Reese’s point about giving herself grace to adjust is prescient, and it took Bueckers awhile to find her groove Thursday with just eight points on 3-for-6 shooting at halftime before putting together a solid game of 15 points, eight assists, three steals and three blocked shots as she and Arike Ogunbowale pushed the Sky to the final minute.
The Sky desperately need a better answer for Ogunbowale, who torched them for the league’s season-high 37 points on 14-for-25 shooting and had seven assists.
Bueckers will only get better from here, and the Wings hope she becomes the type of game-changer that teams with other young stars, like the Sky with Reese and the Fever with Caitlin Clark, need to lift them into contention.
“She was great her whole college career and she’s going to be a great pro,” Sky coach Tyler Marsh said. “She’s poised, she has control of her offense, she makes shots, she gets to the paint and facilitates, she rebounds at her size.

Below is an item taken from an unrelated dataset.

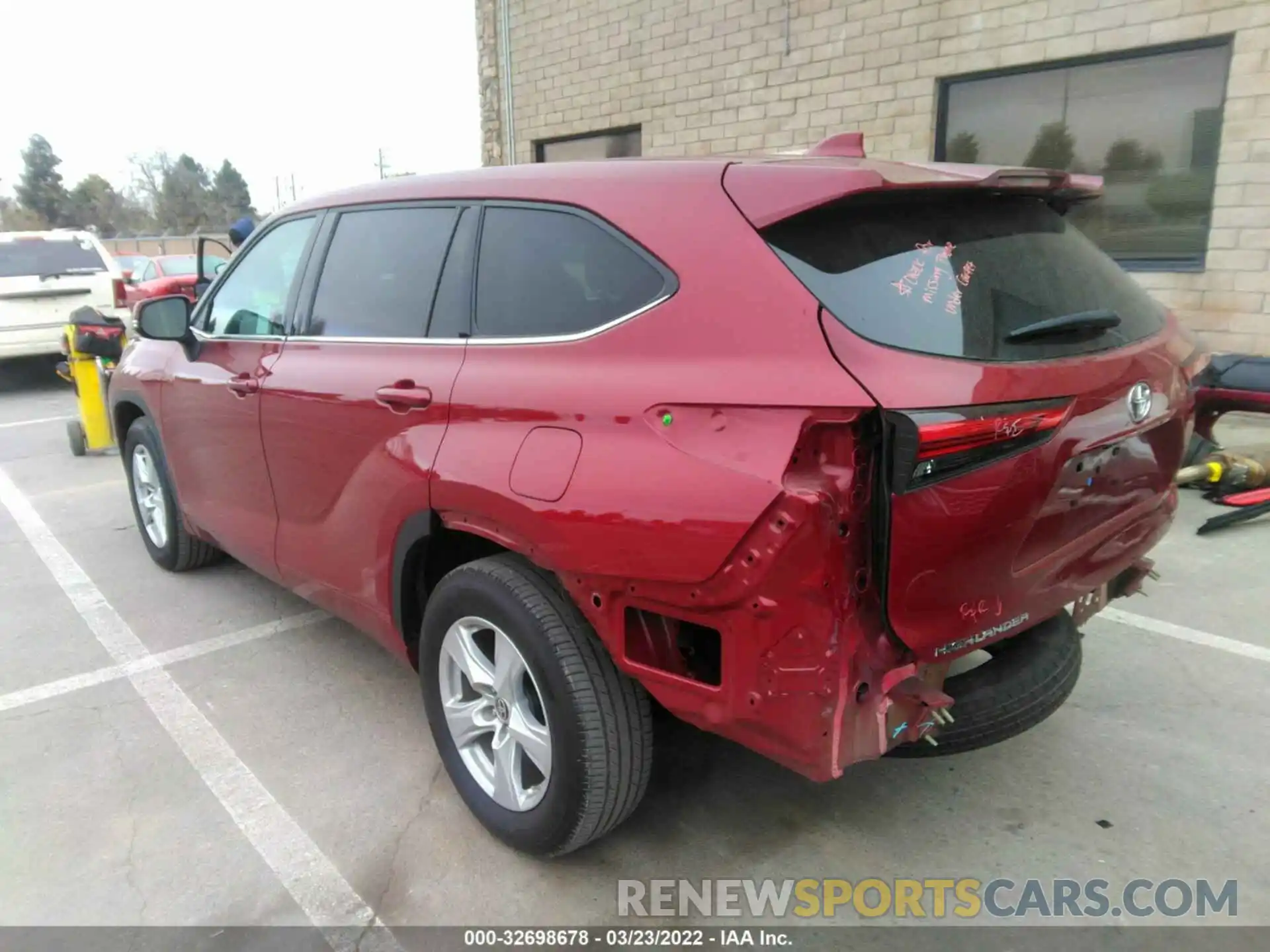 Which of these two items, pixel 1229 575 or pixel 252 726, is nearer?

She does a little bit of everything.”
While Bueckers and Reese play different positions and very different styles, they’ve been intertwined since high school, when Reese was a standout in Baltimore and Bueckers dazzled in the Minneapolis suburbs. They were ESPN’s top two high school prospects, respectively, as seniors in 2020 and have skyrocketed since.
Reese won a title at LSU, branched far beyond her sport as a celebrity and was the No. 7 overall pick last year. Bueckers was a three-time All-American, won a championship as a senior and was the slam-dunk top pick this year.
It’s still a challenge acclimating to the WNBA, but both were reasonably prepared for it after playing for high-profile college programs.
“UConn has a huge following and is in the spotlight a lot,” Bueckers said. “You don’t grow accustomed to it, but you get familiar with it.”
When Wings coach Chris Koclanes was asked about helping Bueckers navigate life as a pro, he credited the steadiness she already had.
“She does a lot of that on her own, if we’re being completely honest,” Koclanes said. “She’s special in how intentional she is not to get caught up in the wave and keep the main thing the main thing.”
Reese and Bueckers both entered the league with poise they developed as college stars, but neither had endured the trials of a rebuild. Reese called the Sky’s stumbles on their way to a 13-27 record last season “humbling.”
And at the pro level, rebuilds are competitive. It’s a zero-sum game in which any team’s climb out of the basement will require it to step over others on the way up. The Fever’s rise since drafting Clark makes it more crowded at the top, and that’s going to displace a team that thought it was a contender.
It almost certainly won’t be this season, but the Wings think Bueckers will vault them the same way.
That would have a direct effect on Reese and the Sky. They’re trying to keep up with the Fever’s rebuild and stay ahead of what the Wings are doing.